- Task to carry out -
From the first line to the last, copy the data exactly and drop the pictures.

- Data segment -
↓
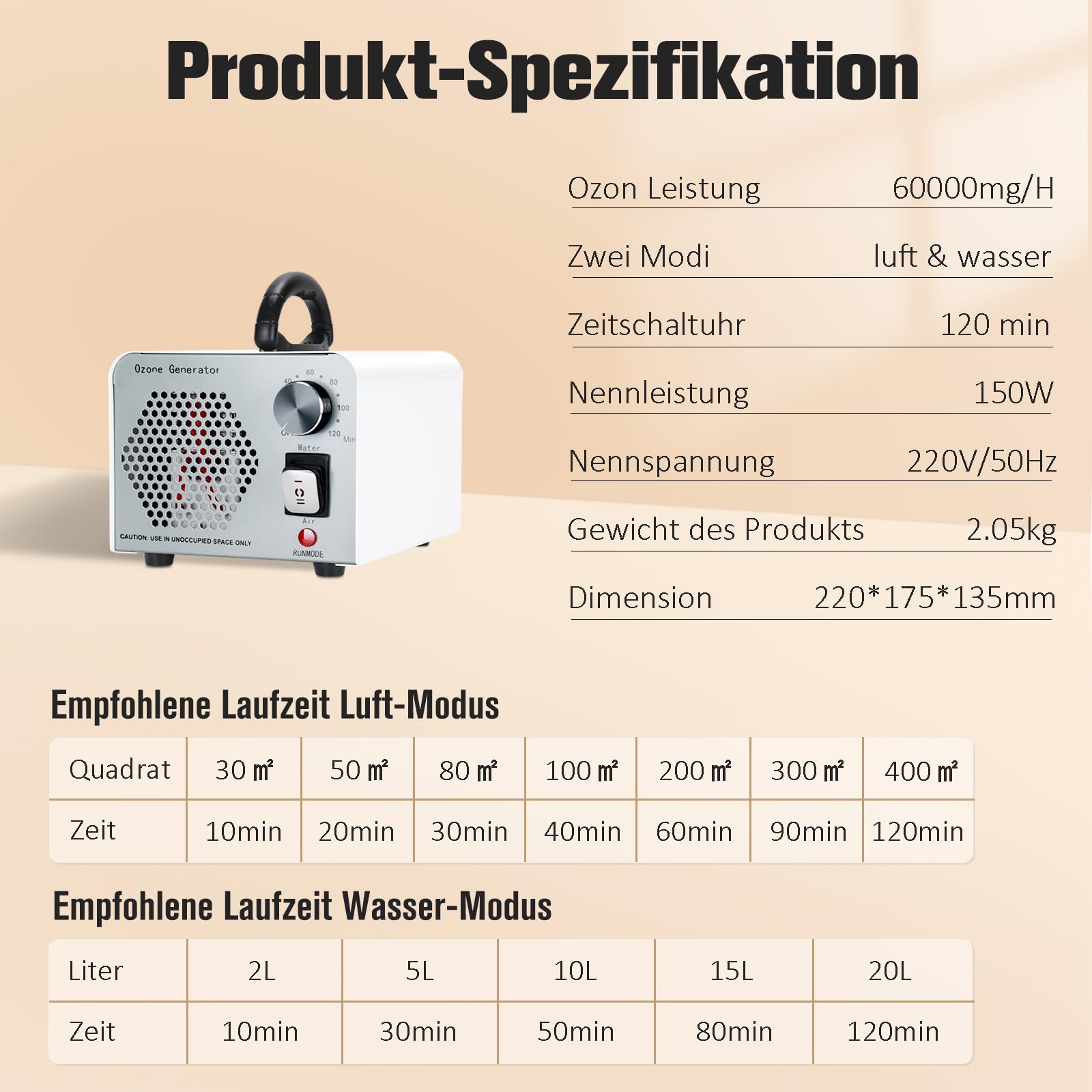 2 In 1 Ozongenerator 60000mg/H, Ozongerät Ozon Luftreiniger mit Wasser und Luft Modus, O3 Geruchsneutralisierer Ozone Generator mit 120 Min Timer, Ozonator für Auto Wohnung Obst Gemüse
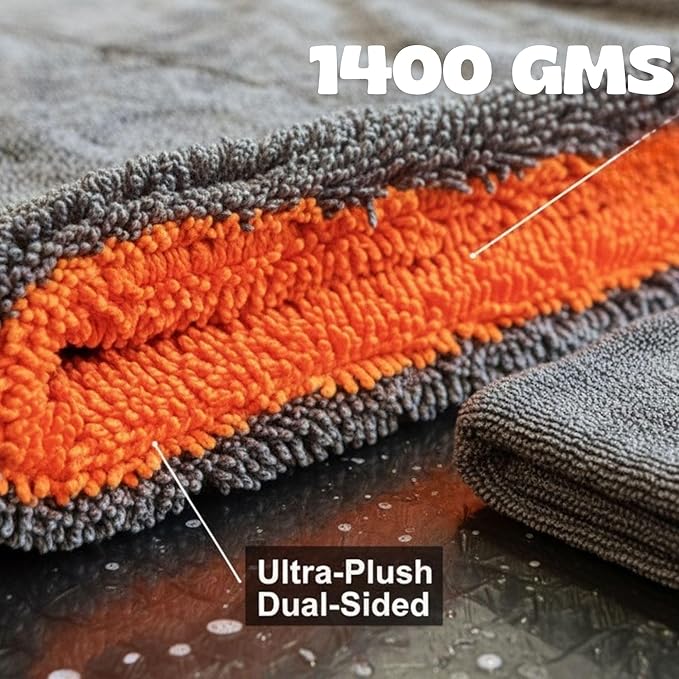 Microfiber Car Towel 16"x16" – 1400 GSM Twisted Yarn, Ultra Absorbent, Scratch-Free, Machine Washable – Bonus 12"x12" 600 GSM Detail Towel for Him/Her(Orange/Gray)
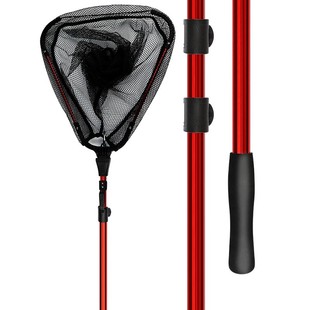 Triangle folding dip net full set of telescopic rod aluminum alloy dip net Rod ultra light hard large portable fishing net bag fishing net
↑
- Task answer -
 2 In 1 Ozongenerator 60000mg/H, Ozongerät Ozon Luftreiniger mit Wasser und Luft Modus, O3 Geruchsneutralisierer Ozone Generator mit 120 Min Timer, Ozonator für Auto Wohnung Obst Gemüse
 Microfiber Car Towel 16"x16" – 1400 GSM Twisted Yarn, Ultra Absorbent, Scratch-Free, Machine Washable – Bonus 12"x12" 600 GSM Detail Towel for Him/Her(Orange/Gray)
 Triangle folding dip net full set of telescopic rod aluminum alloy dip net Rod ultra light hard large portable fishing net bag fishing net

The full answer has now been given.